2.	In respect to the then new concept of waging a war of aggression, Kranzbühler argued that there is an inherent difficulty in assigning and defining blame for crime of aggressive war when such a term is not properly defined; and questioned how a court could render such a judgment without bias toward the victor. Kranzbühler doubted that the legal concept of a war of aggression could be applied in the future when the term is so difficult to define. Later international legislation suggests that Kranzbühler was correct. For instance, The Rome Statute of the International Criminal Court, which entered into force on 1 July 2002, provides for the court to have jurisdiction over the crime of aggression, but only once a definition for that crime has been adopted by an Amendment to the Statute. Even by 2002, the legislators had difficulty assigning a particular definition. Kranzbühler concluded that the finding of a war of aggression is a political problem – that a court is unlikely to declare the victor

3.	In respect to crimes against the laws of war, Kranzbühler argued that the Nuremberg Tribunal expanded the scope and definition of a war crime. Kranzbühler argued during and after the Nuremberg Trials that the Nuremberg Trials expanded the scope of war crimes by prosecuting generals on account of the military preparation of war, lawyers on account of their participation in certain legislation, and industrialists on their participation in the war economy. Kranzbühler doubted that such a broad expansion of the previous definition of a war crime (which was historically confined mainly to violations of the rules of war by members of the armed forces and armed hostilities by non-members) would not have authority in the future. Furthermore, Kranzbühler questioned the manner in which it was applied at Nuremberg – particularly that his client, Grand Admiral Dönitz, was charged with crimes against the laws of war, yet U.S. Admiral Nimitz (who did similar acts as Dönitz) was never charged.

4.	In respect to the then new concept of a crime against humanity, Kranzbühler agreed that such a crime was a necessary development and should be accepted (not in how it has been employed, but in its basic concept). Kranzbühler believed that a crime against humanity, in its basic concept, is a crime of the government, and thus a prosecution should only be against the government – that is – against the policy making level.

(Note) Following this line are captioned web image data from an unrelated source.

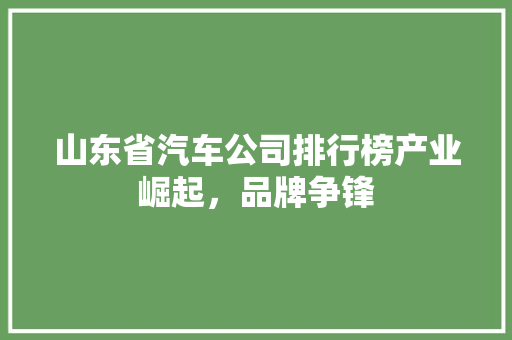 山东省汽车公司排行榜产业崛起，品牌争锋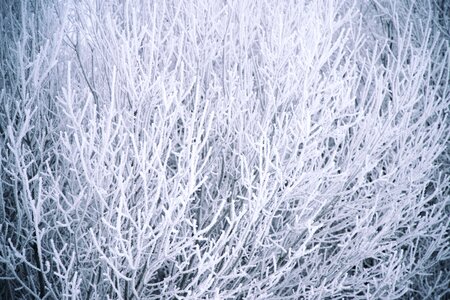 Cold frosty outdoors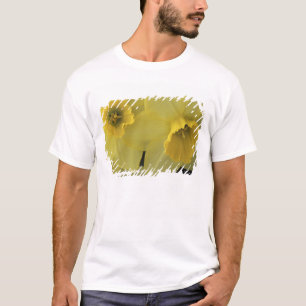 T-shirts EUA, Utah, Daffodils do Vale de Cache
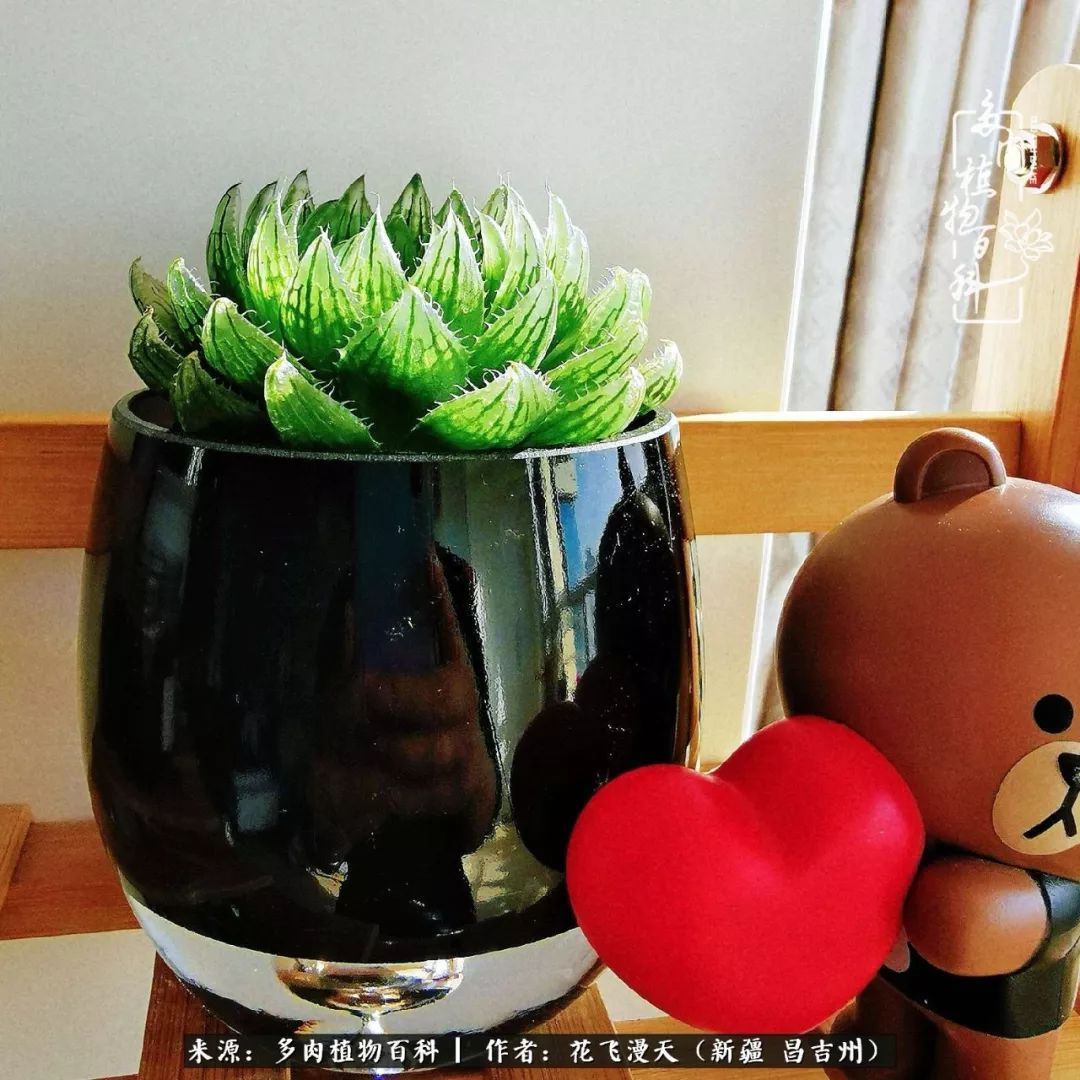 对多肉是发自内心的喜欢,心甘情愿被它们俘虏!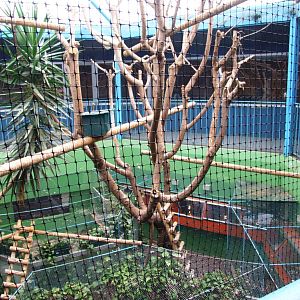 Terrarium Interior at Santillana del Mar, 13/06/15
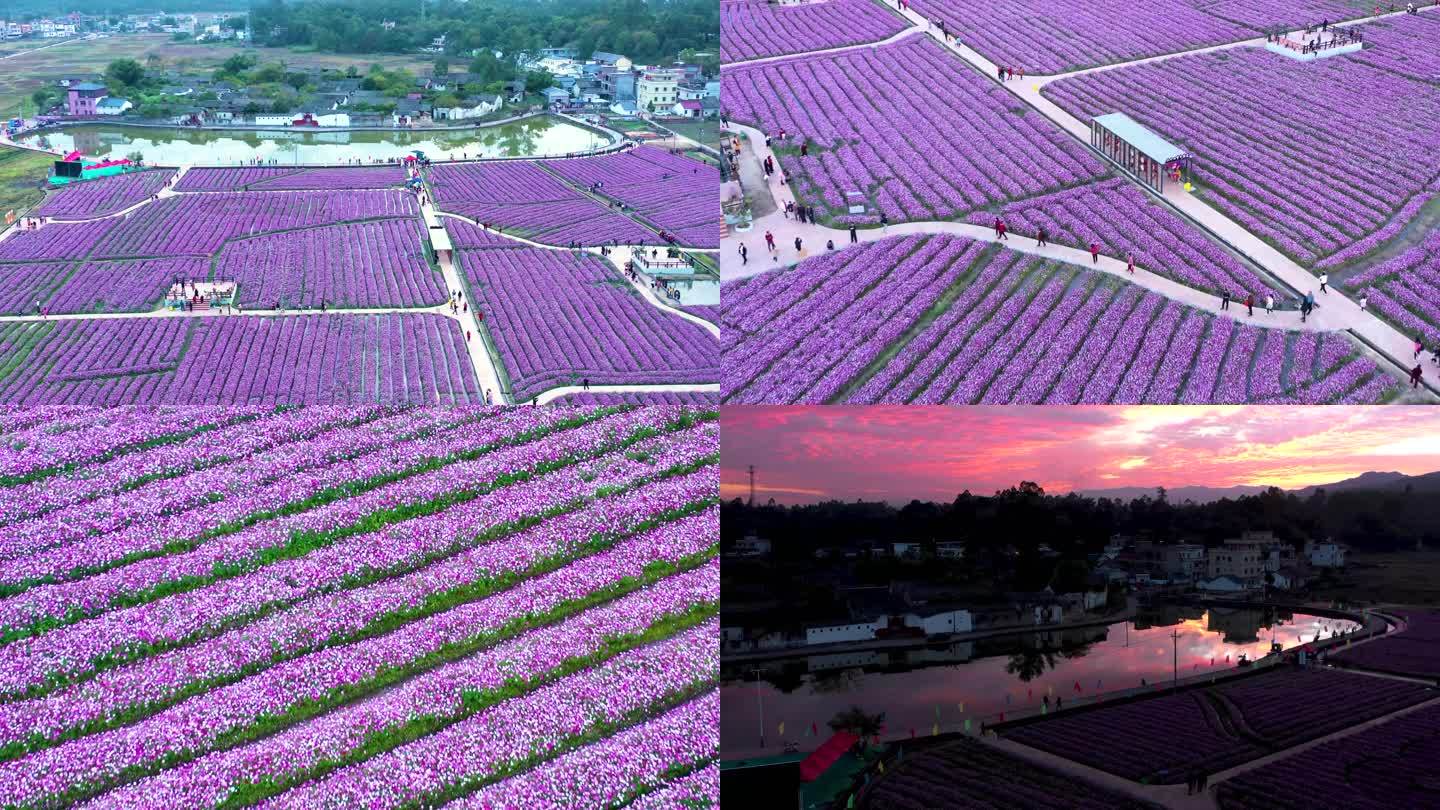 花海日落航拍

Kranzbühler argued that it is not a crime that should involve subordinates. Nevertheless, Kranzbühler found that the concept of a crime against humanity, with the increasing danger of states abusing their powers in a grave manner, such a concept is justified and can and should create a precedent.

==Kranzbühler’s appreciation of the Nuremberg Trials==

Despite all of the negative aspects of Nuremberg, Kranzbühler did note the importance and significance of the Nuremberg Trials. According to Kranzbühler, the British would have summarily shot the principal leaders of the Third Reich. The Russians would have adhered to the same principle, only multiplying the victims. But the United States insisted that expiation be sought and found by judicial proceedings. In this regard, Kranzbühler concluded that the International Military Tribunal proceedings discharged the tensions between the victors and the vanquished.

==Later years==

Following World War II, Kranzbühler represented many German industrialists, including Friedrich Karl Flick, Alfried Krupp, and Hermann Röchling, against the complaints of former forced laborers before and during the war before American and French courts. Kranzbühler remained a practicing attorney focusing on corporate law – addressing problems of corporate confiscation of private property and decartelization. He served for many years on the board of directors for Rheinmetall, a German automotive components and defense equipment company.

In 1969–70, Kranzbühler represented the former Freikorps lieutenant Hermann Souchon when he sued the Süddeutscher Rundfunk, after a documentary had been broadcast identifying Souchon as Rosa Luxemburg's murderer. The TV station had to retract its statement of Souchon's guilt.

Kranzbühler died in Tegernsee on 9 August 2004. He was buried in the naval uniform he wore at Nuremberg along with his briefcase.